* **Action item**
Give again, word for word, the line holding "Hotel am Kurpark" and every line after it through the end of the data below. Omit pictures.

* **Data below**

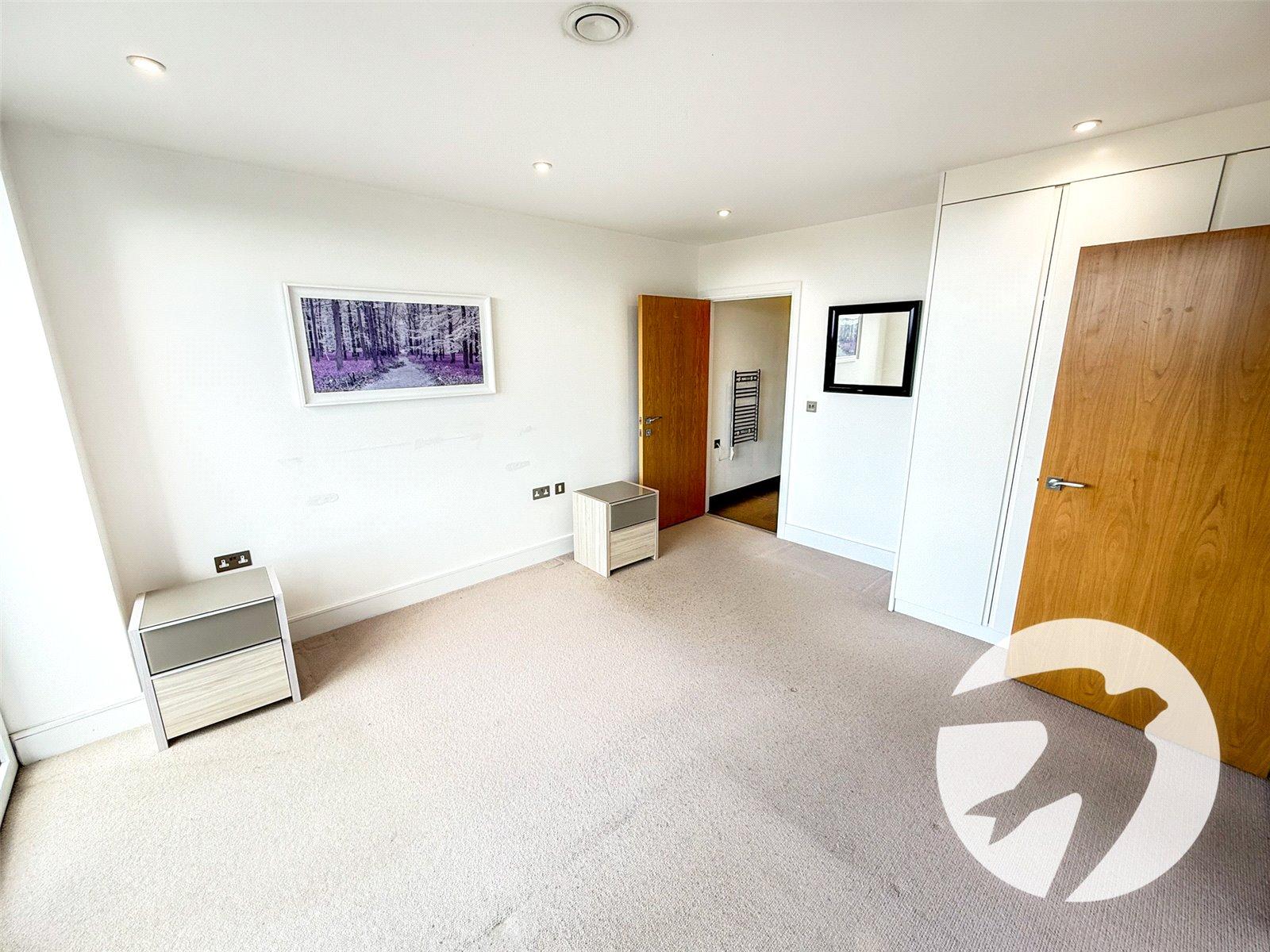 2 bedroom property for sale in London | Robinson Jackson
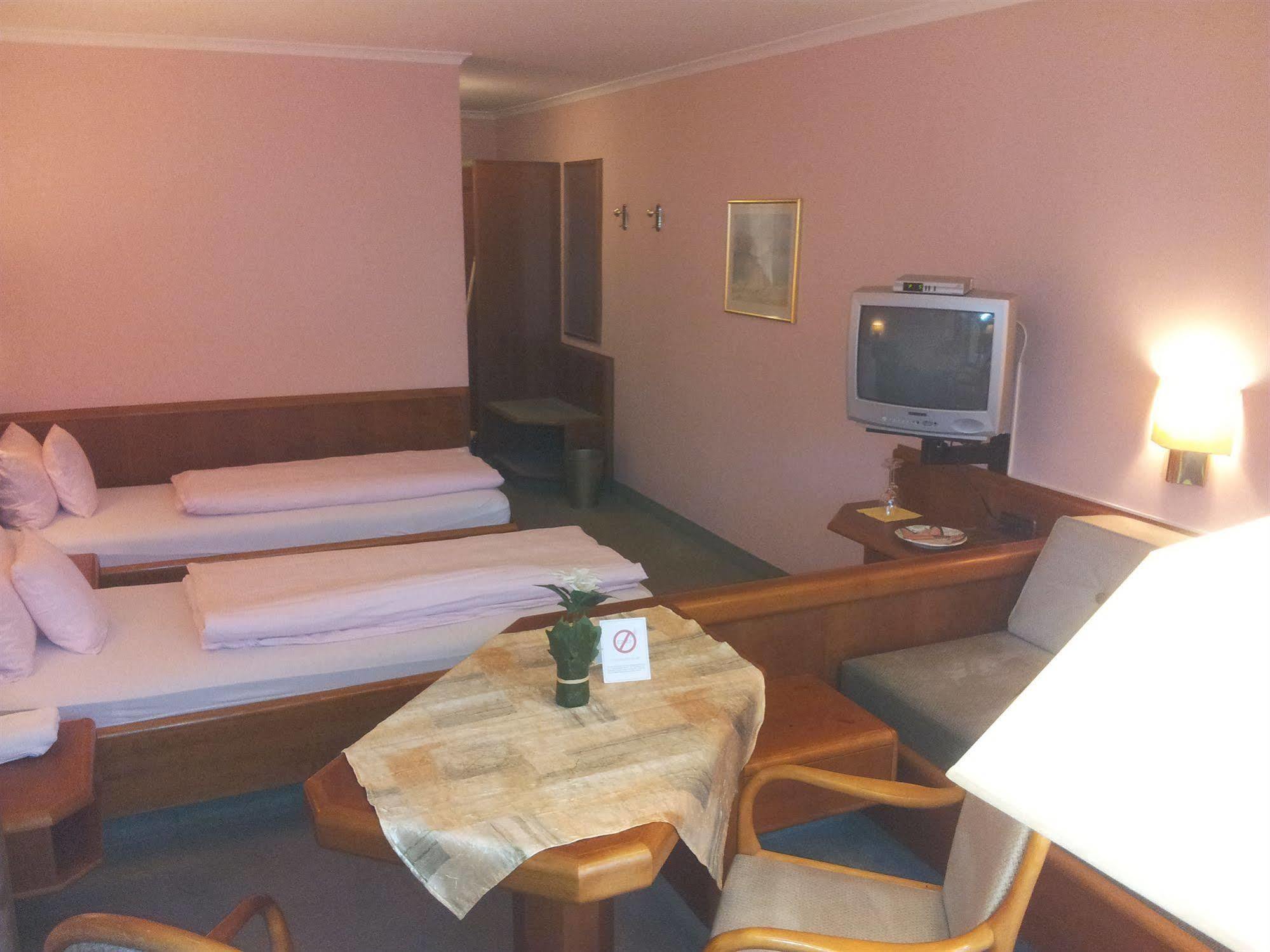 Hotel am Kurpark Bad Wimpfen Bagian luar foto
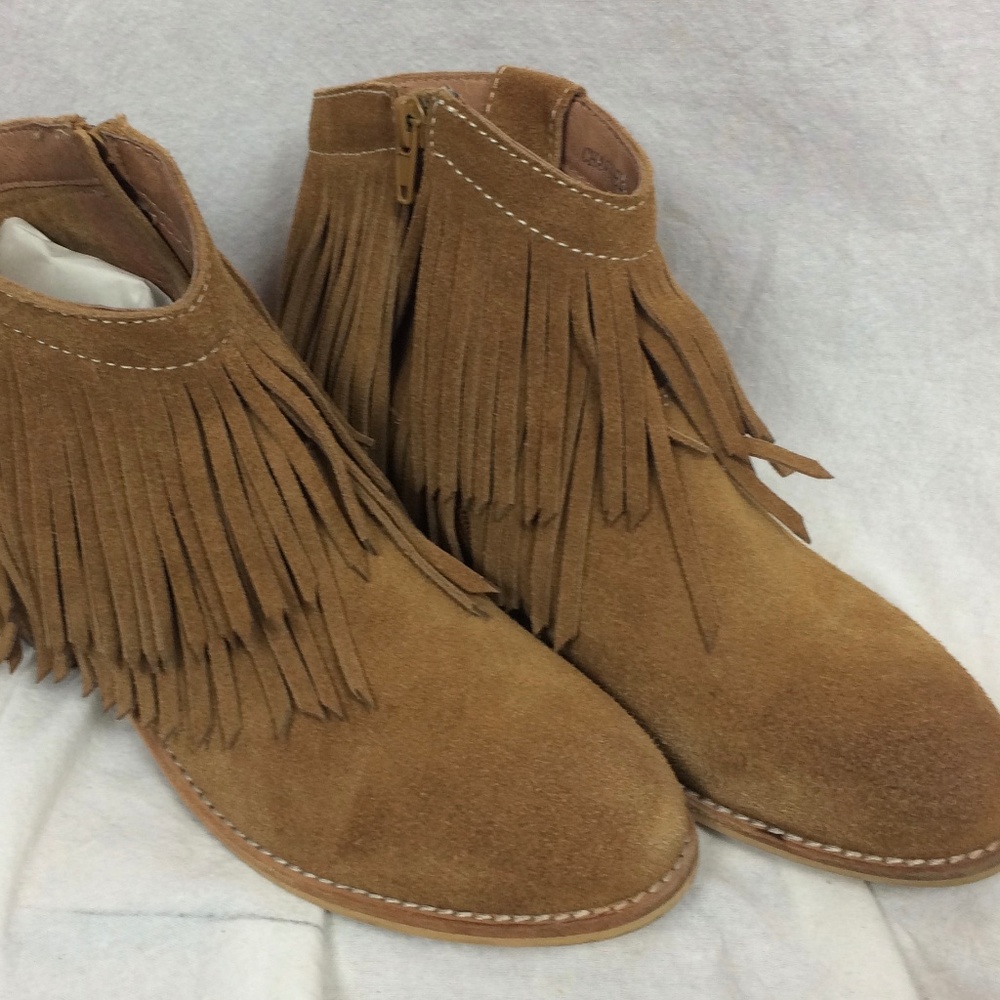 JEFFREY CAMPBELL Fringed Chaffee Boots Ankle  7.5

* **Exercise output**
 Hotel am Kurpark Bad Wimpfen Bagian luar foto
 JEFFREY CAMPBELL Fringed Chaffee Boots Ankle  7.5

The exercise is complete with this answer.